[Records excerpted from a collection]
▼▼▼

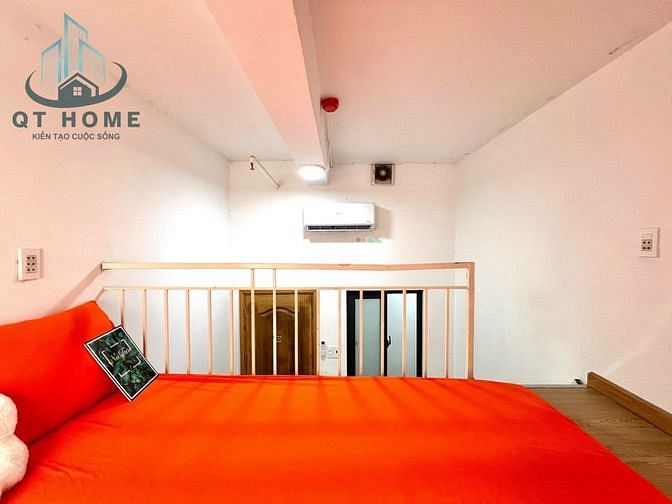 Hình ảnh CHDV Full Nội thất,không giới hạn người và xe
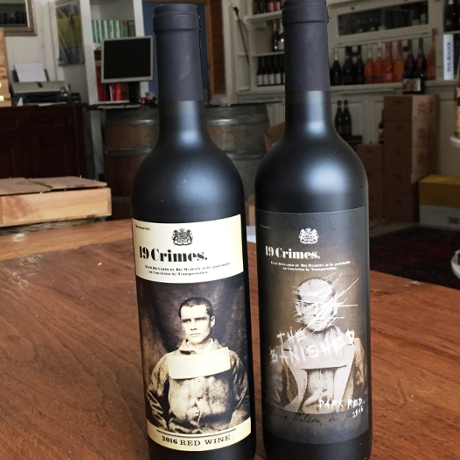 Wie 19 Verbrechen einen Kriminellen zum Kolonisten machten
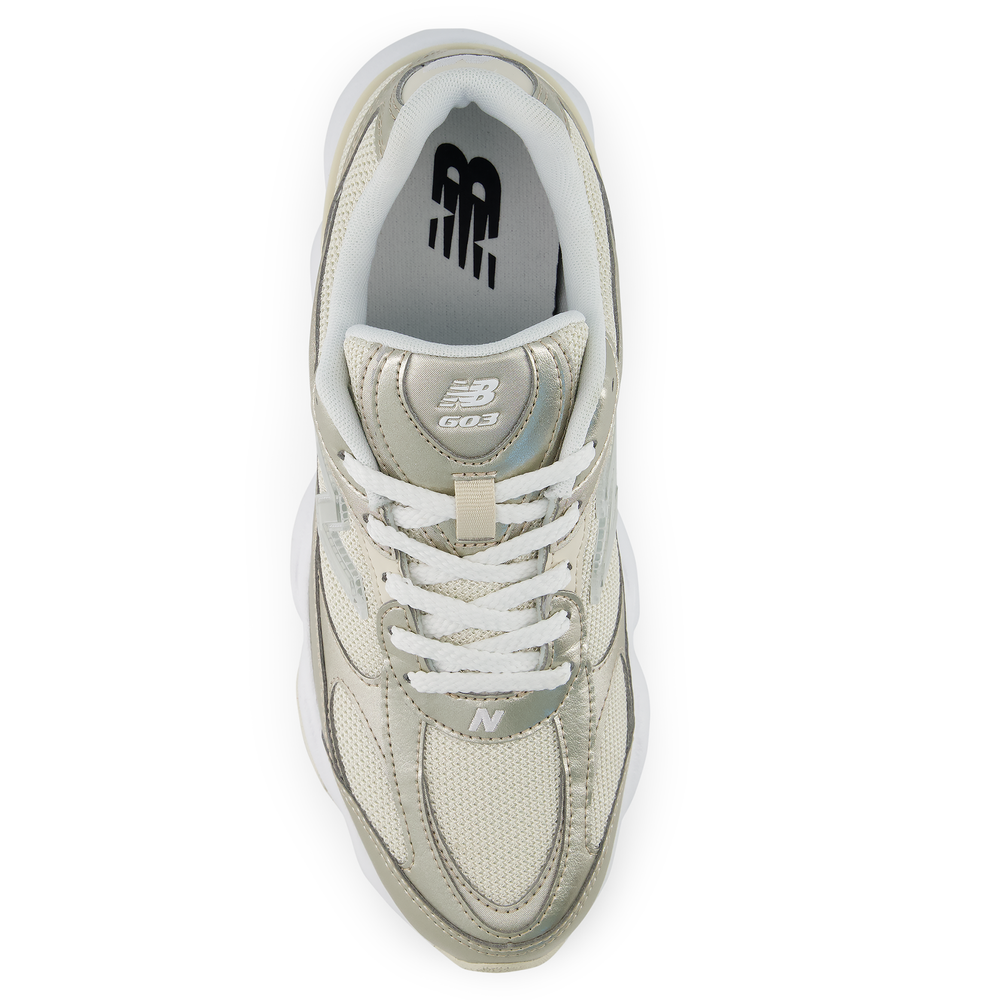 Dámske topánky New Balance W60347S – béžové
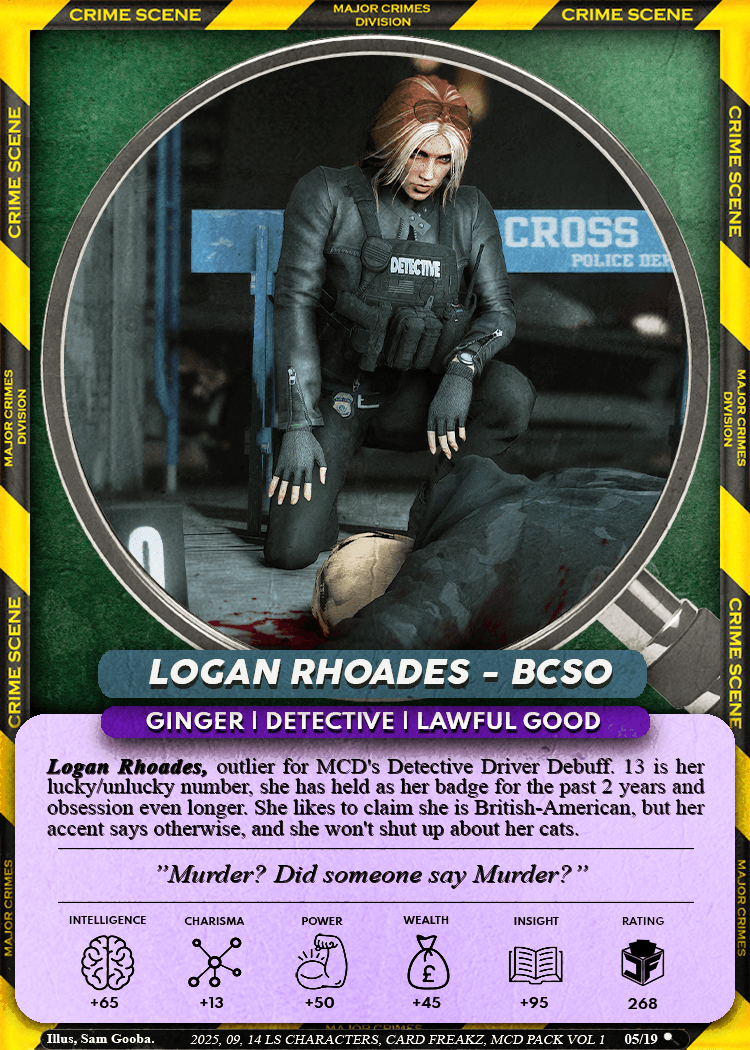 Logan Rhoades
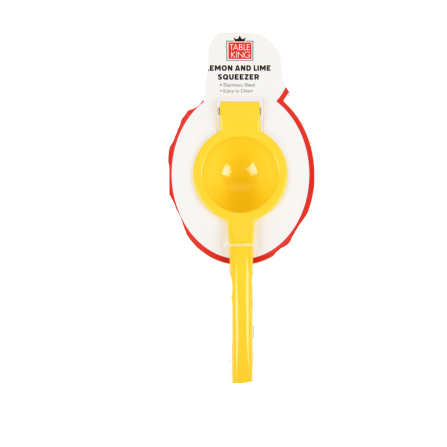 TABLE KING LEMON&LIME SQUEEZER 1CT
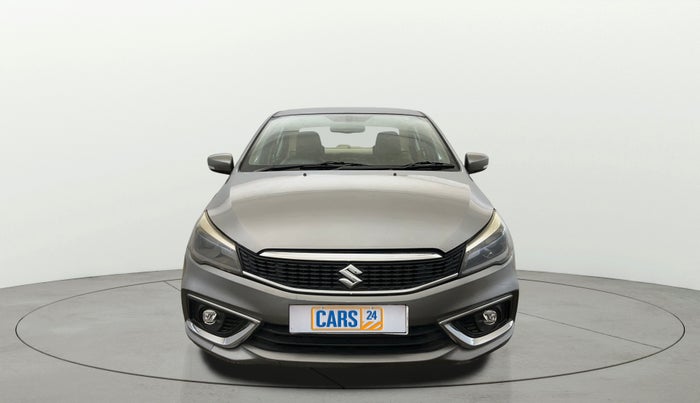 2019 Maruti Ciaz ALPHA  AT 1.5 SHVS PETROL, Petrol, Automatic, 39,361 km, Front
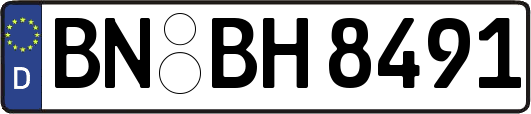 BN-BH8491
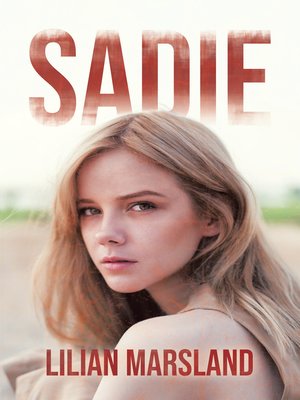 cover image of Sadie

▲▲▲

Work required: The records above must be output exactly, except for their pictures.

Written response:
 Hình ảnh CHDV Full Nội thất,không giới hạn người và xe
 Wie 19 Verbrechen einen Kriminellen zum Kolonisten machten
 Dámske topánky New Balance W60347S – béžové
 Logan Rhoades
 TABLE KING LEMON&LIME SQUEEZER 1CT
 2019 Maruti Ciaz ALPHA  AT 1.5 SHVS PETROL, Petrol, Automatic, 39,361 km, Front
 BN-BH8491
 cover image of Sadie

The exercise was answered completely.